** DATA FOR PROCESSING **
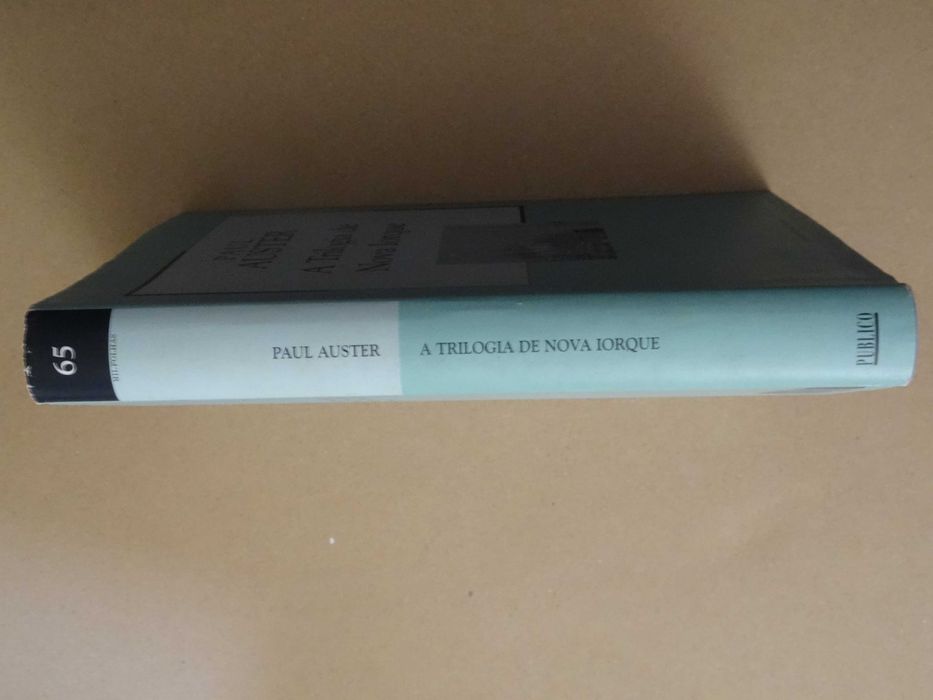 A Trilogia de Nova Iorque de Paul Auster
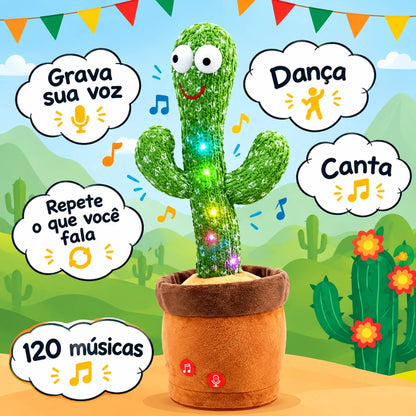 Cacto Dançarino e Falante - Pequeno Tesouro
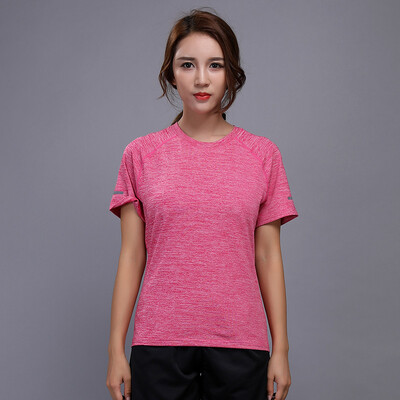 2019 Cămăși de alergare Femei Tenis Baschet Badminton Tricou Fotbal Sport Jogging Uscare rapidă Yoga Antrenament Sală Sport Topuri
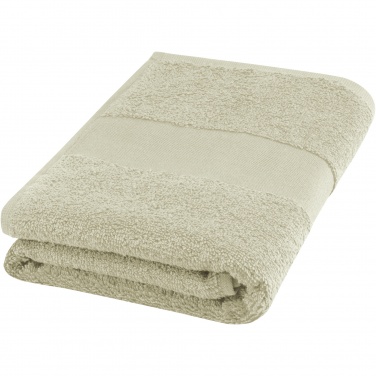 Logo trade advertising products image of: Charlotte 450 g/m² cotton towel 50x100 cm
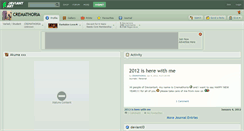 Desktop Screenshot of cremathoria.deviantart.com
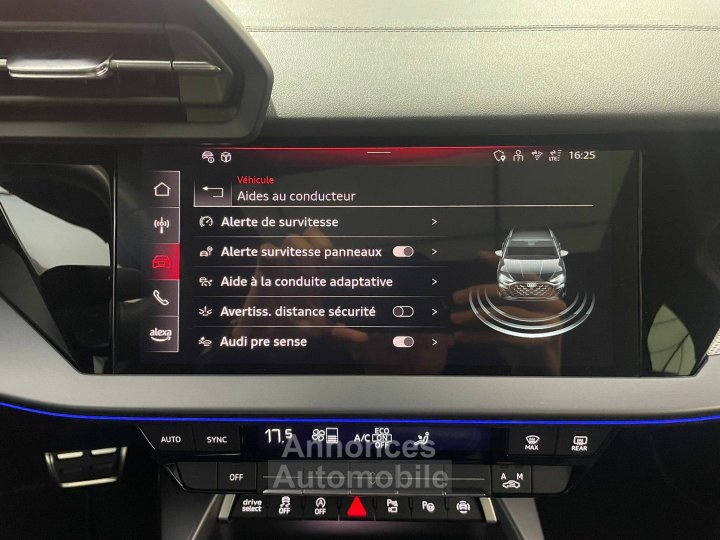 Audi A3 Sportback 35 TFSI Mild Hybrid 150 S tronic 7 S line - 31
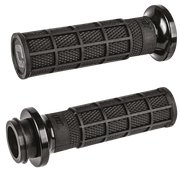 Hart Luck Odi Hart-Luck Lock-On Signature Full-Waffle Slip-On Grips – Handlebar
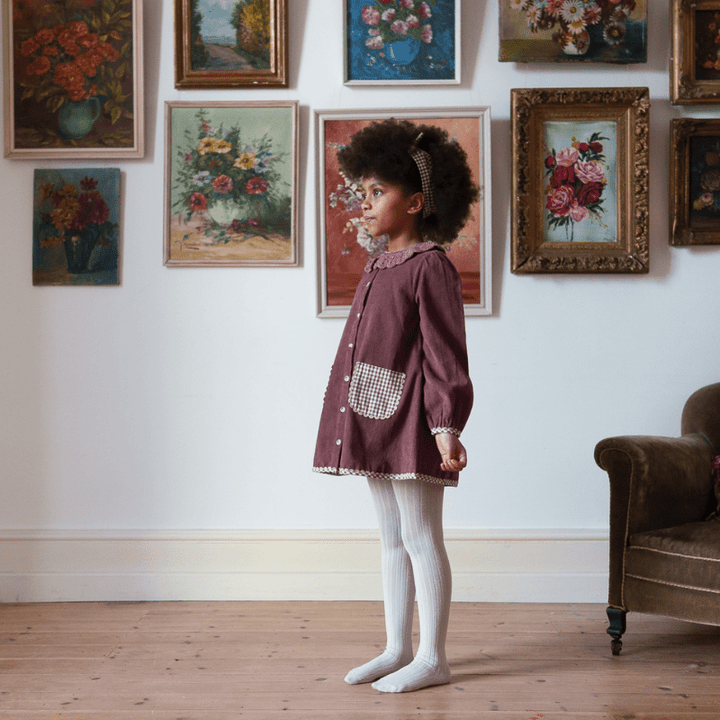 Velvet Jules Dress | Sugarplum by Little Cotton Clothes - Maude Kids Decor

** WHAT YOU NEED TO DO **
Word for word, restate the lines from the one containing "Logo trade advertising" through the end of the entries. Do not include pictures.

** EXERCISE ANSWER **
 Logo trade advertising products image of: Charlotte 450 g/m² cotton towel 50x100 cm
 Desktop Screenshot of cremathoria.deviantart.com
 Audi A3 Sportback 35 TFSI Mild Hybrid 150 S tronic 7 S line - 31
 Hart Luck Odi Hart-Luck Lock-On Signature Full-Waffle Slip-On Grips – Handlebar
 Velvet Jules Dress | Sugarplum by Little Cotton Clothes - Maude Kids Decor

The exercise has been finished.